Why might this have been? Well, their Scouting had prepared them to fill some dangerous roles, particularly in signalling, in scouting, in the sense of sneaking up to the enemy lines, and in other skills such as orienteering. Camping in foul weather was excellent preparation for the muddy trenches and I’m sure they were resourceful also at associated skills such as foraging for food, when supply lines were cut, as they often were.
They were outgoing, daring, self-reliant, cheerful young men, used to working as a team, to encouraging each other, and to being disciplined. Their sense of fair play meant that they would speak when others mightn’t. Reading the early history of the troop, it is clear that they shone so brightly that even ones who hadn’t been to public school, were quickly marked for promotion. We know from the letters their families received from the men who served under them, or with them, that they were inspirational. They also took the troop’s motto to heart: Quit you like men; be strong.
They were just like you and they were loved by their friends and families, just as you are. So, in what is known as ‘the Great Silence’ that settled over Europe in the aftermath of war, their loss was hard to bear, not just for their parents, families and friends, but also for those of the Troop who returned, having survived the war.
Two of the fathers who had lost their only sons, perhaps because of that loss, together became the reason why this troop has enjoyed what is said to be the longest unbroken existence of any Scout troop. It is appropriate that we remember them tonight and celebrate the courage that enabled them to continue to support the Troop in spite of the heavy weight of their grief. They were the widower, George Biddulph, a banker, who lived at Douglas House, and Walter Joel, a watchmaker and jeweller, who lived where the Alianti is today, on the corner of King Street and Paved Court. They kept the Troop going throughout the war, and saw it safely through the years that followed. Their sons, Victor Biddulph and Harold Joel, born just two months apart, were best friends. The Scouts whom I met last month may remember that Victor wasn’t a name on his parents’ list but that, due to the timing of his birth, he was “at her express desire” named after the monarch, with whom he shared a birthday. Known to his friends as Roundall, Victor was the first to die. Harold, a keen poet and writer, on hearing the news of his death, recorded in the diary found after his own death, “Today, I heard of poor Roundall’s death, can write no more.” Nine months later, on 7 June 1917, Harold was killed, at the very start of the Battle of Messines, a day on which monstrous casualties were inflicted on both sides.

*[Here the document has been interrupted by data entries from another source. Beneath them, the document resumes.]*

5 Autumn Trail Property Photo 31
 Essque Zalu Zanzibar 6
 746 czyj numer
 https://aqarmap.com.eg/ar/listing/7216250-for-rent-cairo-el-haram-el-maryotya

In the words of another officer, one of his friends,
I saw the dear boy the night before the battle, and he was very, very cheerful and perfectly happy. From a captain of ours I know he started over the top in the most wonderful light-hearted way. He fell in the enemy’s lines when all the hard organisation and worry preceding an attack had been settled by him (with regard to his own company) and it was left only to the men to carry out his instructions, which they most gloriously did. Every man was a hero that night.

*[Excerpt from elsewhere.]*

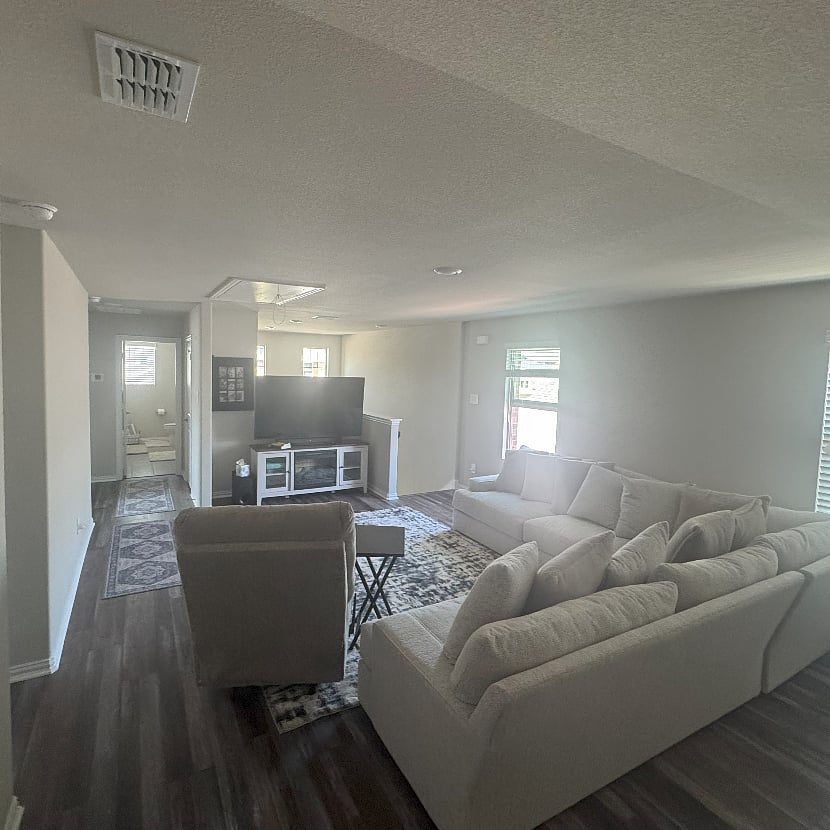 Furnished Finder property 844734_1 photo 5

The report of his death and his obituary in the Richmond and Twickenham Times filled an entire column, and includes tributes from men who served under him and details of his brilliant school record. He won his first major scholarship at the age of 12, coming first out of 500 candidates in Surrey and went on to matriculate with distinction at the early age of sixteen. These words apply as much to Harold as to the others:
A great influence came into his life when he joined the Petersham Troop of Boy Scouts, in which he quickly became prominent, being one of the first three in Surrey to qualify as a King’s Scout, and the second in England to claim the distinction. He remained a member of the Petersham Troop until he joined the army and did a great deal towards its development as he rose to a position of responsibility.

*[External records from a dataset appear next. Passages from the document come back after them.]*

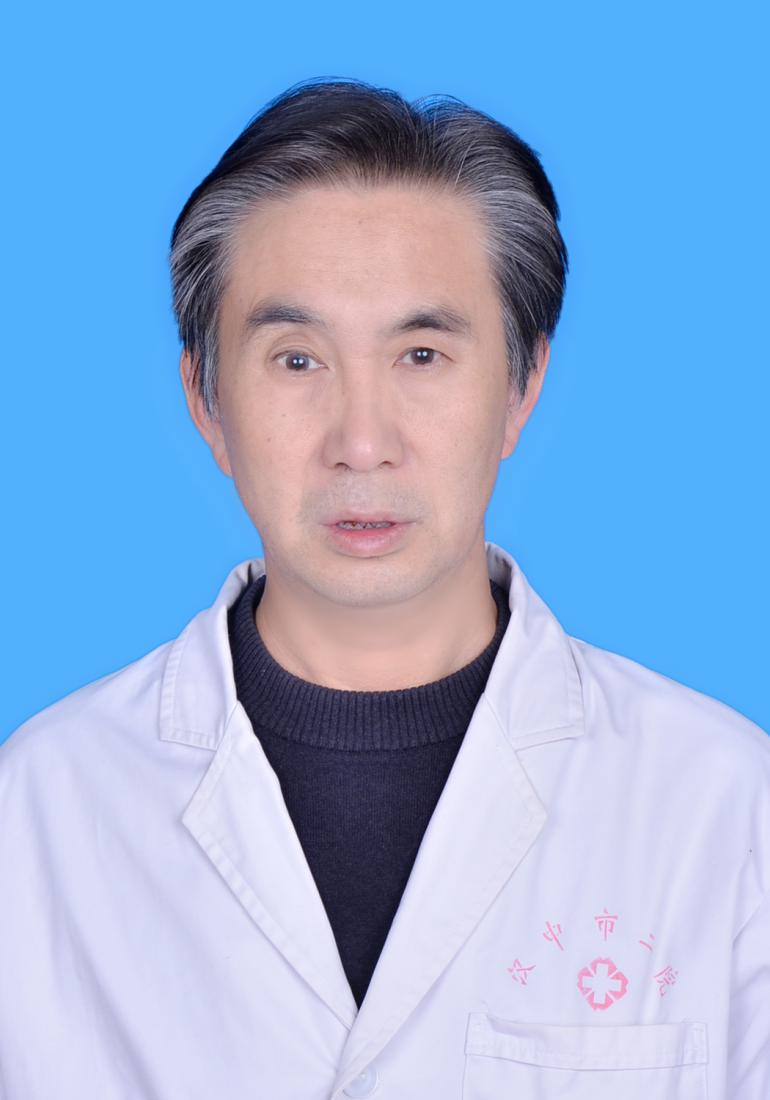 图片7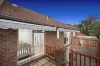 2/40 Andrew Street, Ringwood, Vic 3134-Image
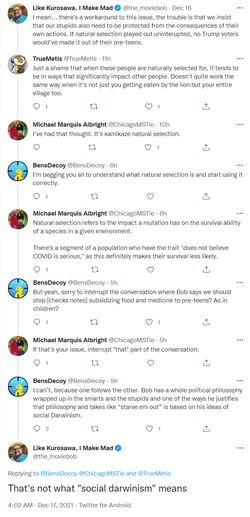 eugenics.png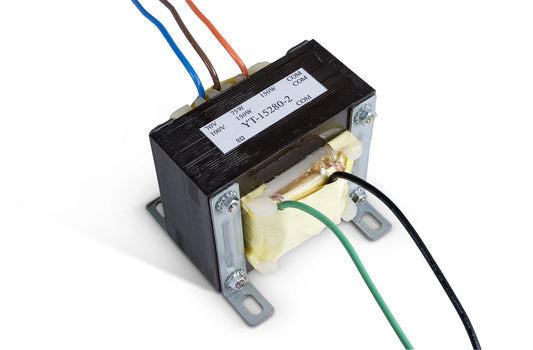 JBL MTC-300T150 150W 70V/100V line transformer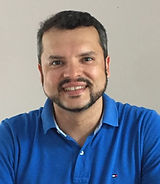 foto Gil (002).jpg
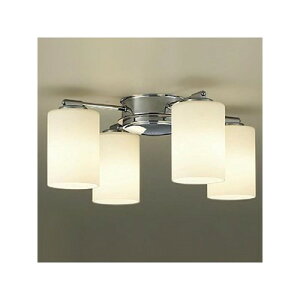 LEDVfA vt M60W×4 񒲌^Cv 6W×4 E17 dF^Cv k ze  _ DCH|38220Y CeA VƖ  DAIKO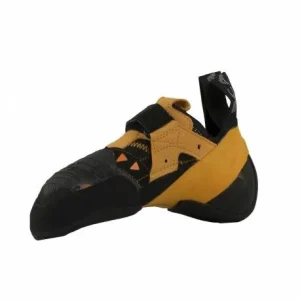 Coupon 🥰 Scarpa Instinct VS – Chaussons escalade 🧨 20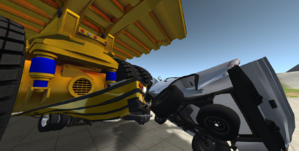 screenshot_00356.png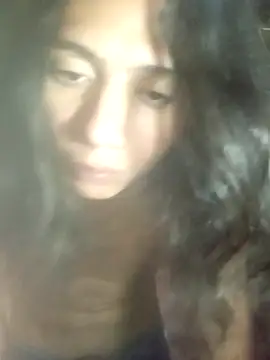 DuvPar online show from 10.20.25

The Biddulph name lived on in Sea Scouts’ boat, The Biddulph’ In 1940, the Scoutmaster took the boat to Dunkirk to help with the evacuation—without telling his wife, who initially thought she’d been abruptly abandoned. Eileen Allen, Fred Morffew’s granddaughter, told me recently how she and her mother sat four nights with ‘Auntie Mac,’ the Scoutmaster’s wife, as she waited anxiously for news of her husband. The Biddulph did return to Richmond, having played its part in that rescue.
Today you’ve had a glimpse of what Scouting meant to your predecessors a century ago, and why we still commemorate their loss today, while celebrating the role played by the Petersham and Ham Scouts in this community since the troop’s foundation.